Top of ENTRIES SUPPLIED

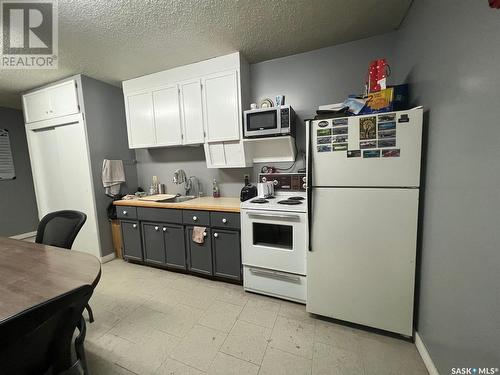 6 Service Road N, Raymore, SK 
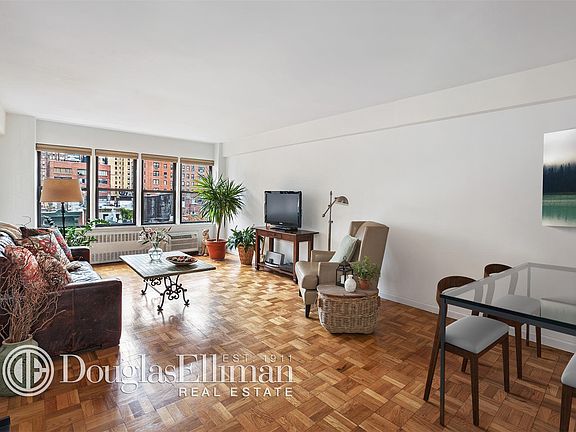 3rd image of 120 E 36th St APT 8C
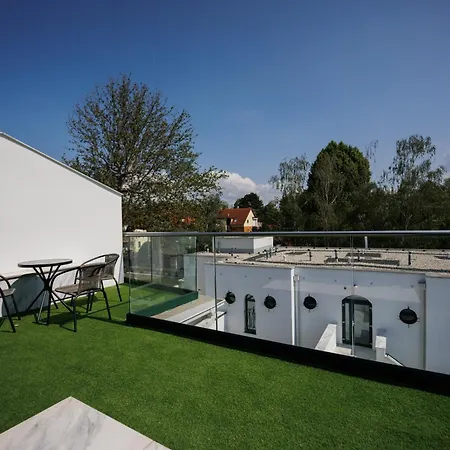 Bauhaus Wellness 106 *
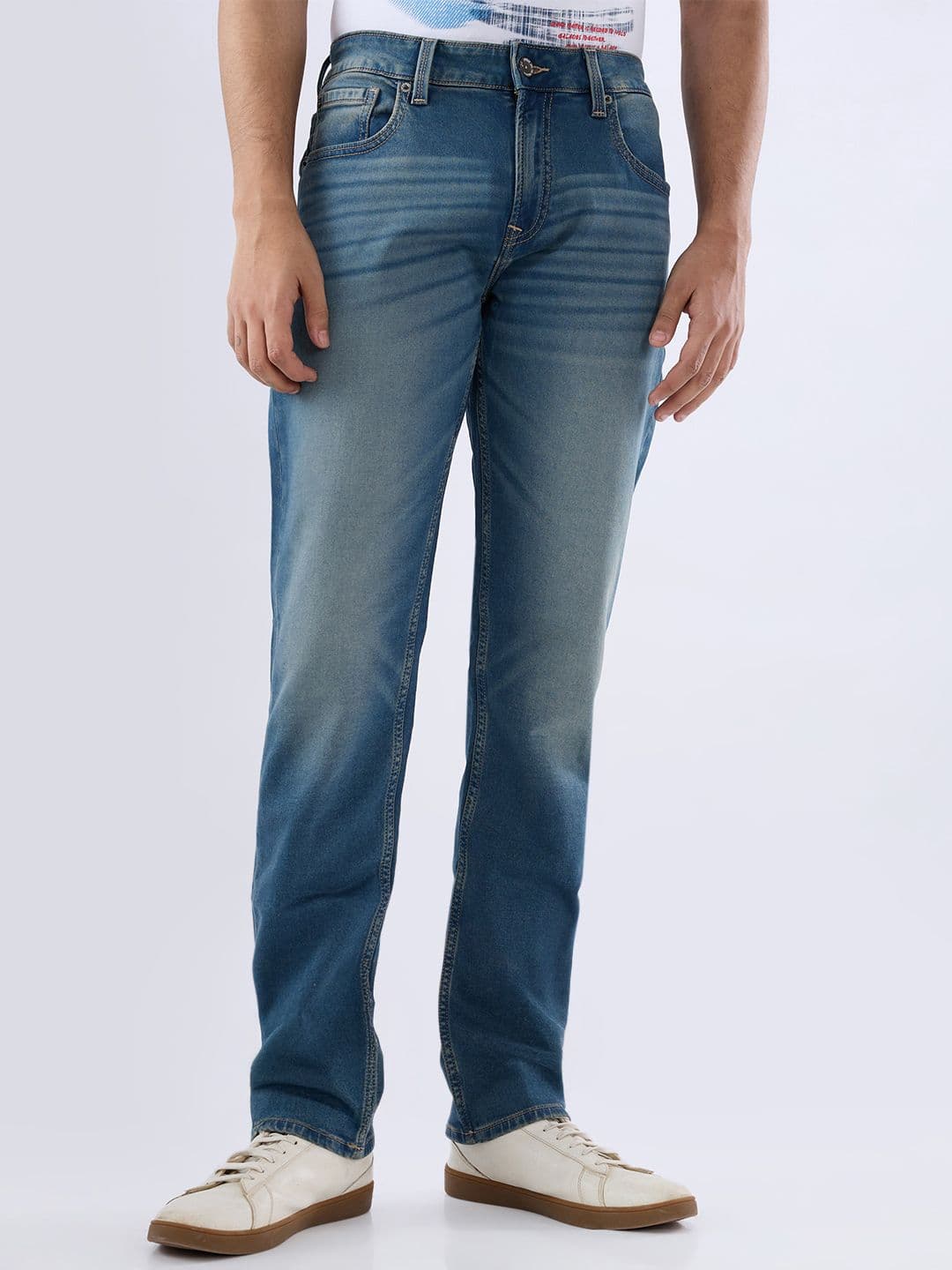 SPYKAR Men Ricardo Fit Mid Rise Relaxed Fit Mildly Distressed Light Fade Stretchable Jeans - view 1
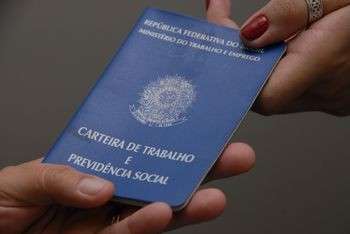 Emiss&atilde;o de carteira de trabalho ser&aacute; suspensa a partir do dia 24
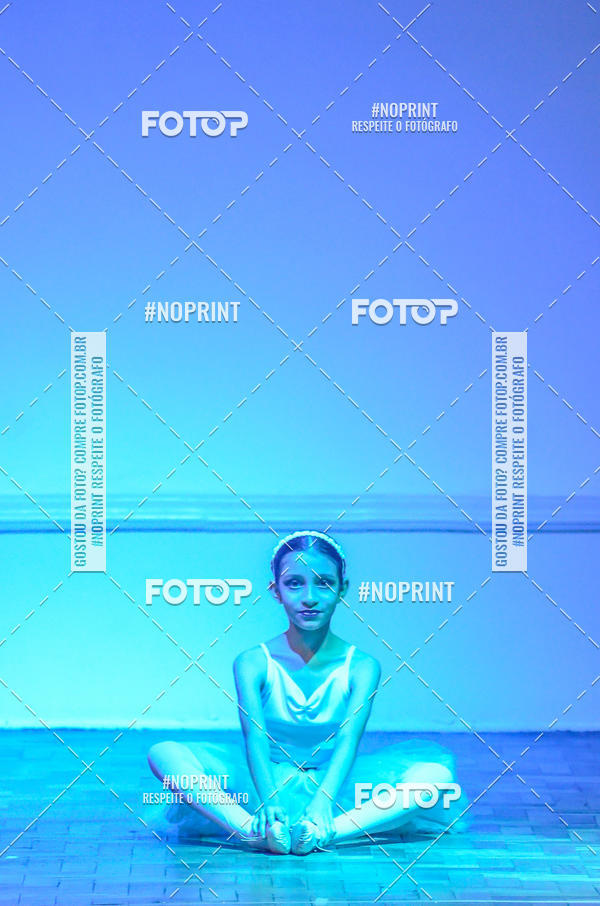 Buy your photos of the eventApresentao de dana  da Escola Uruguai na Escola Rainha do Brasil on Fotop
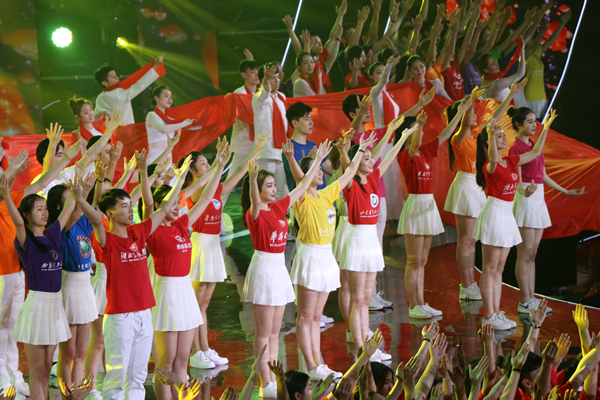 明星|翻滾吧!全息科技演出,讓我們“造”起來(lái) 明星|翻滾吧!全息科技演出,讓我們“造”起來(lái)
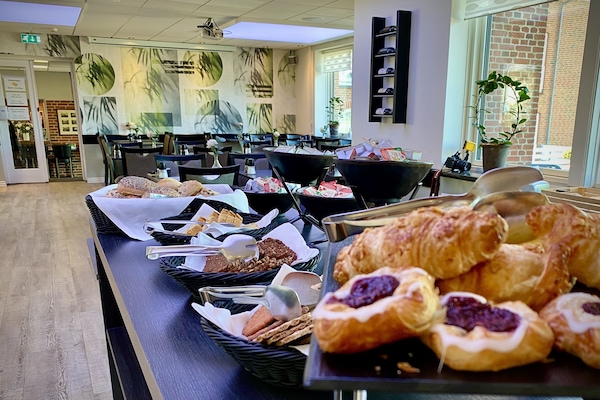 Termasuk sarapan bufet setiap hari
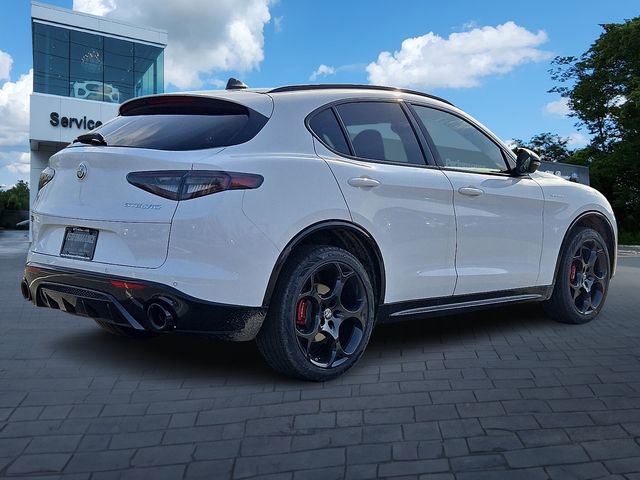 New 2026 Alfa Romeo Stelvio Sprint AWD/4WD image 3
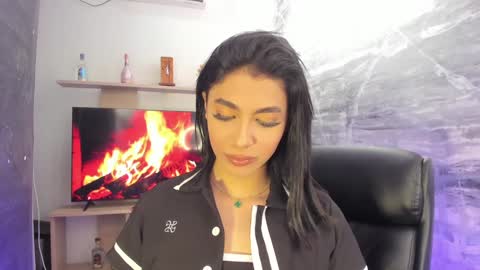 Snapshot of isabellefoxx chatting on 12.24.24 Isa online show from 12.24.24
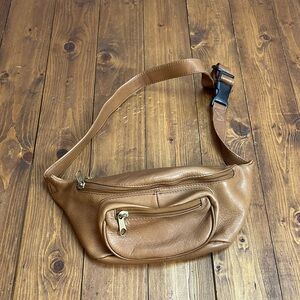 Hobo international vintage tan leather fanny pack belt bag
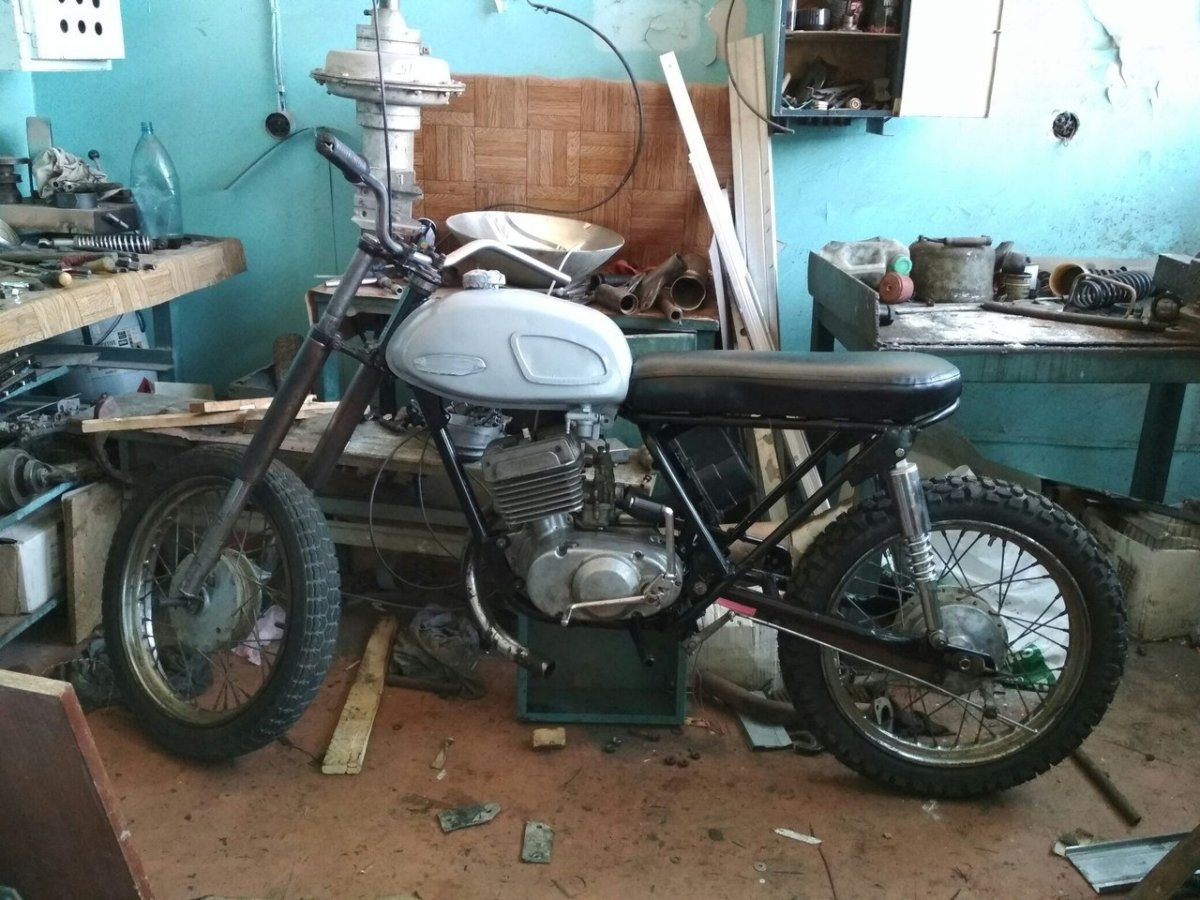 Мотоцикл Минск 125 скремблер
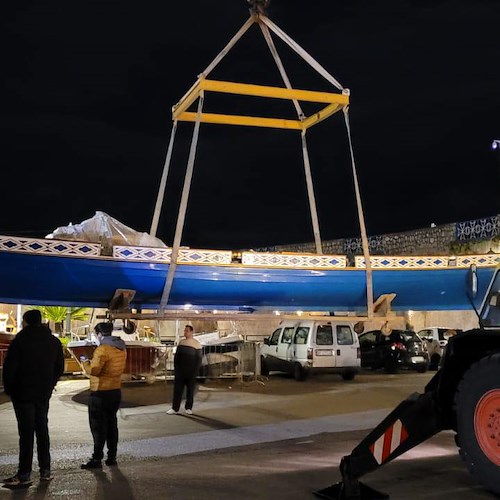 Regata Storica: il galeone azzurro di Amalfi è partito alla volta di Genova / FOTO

Bottom of ENTRIES SUPPLIED

> [DESCRIPTION OF THE TASK]:
Here the lines from the one with "Snapshot of isabellefoxx" through the last line of the data above need to be repeated exactly, both included, and any picture omitted.

> [ANSWER TO THE PROBLEM]:
 Snapshot of isabellefoxx chatting on 12.24.24 Isa online show from 12.24.24
 Hobo international vintage tan leather fanny pack belt bag
 Мотоцикл Минск 125 скремблер
 Regata Storica: il galeone azzurro di Amalfi è partito alla volta di Genova / FOTO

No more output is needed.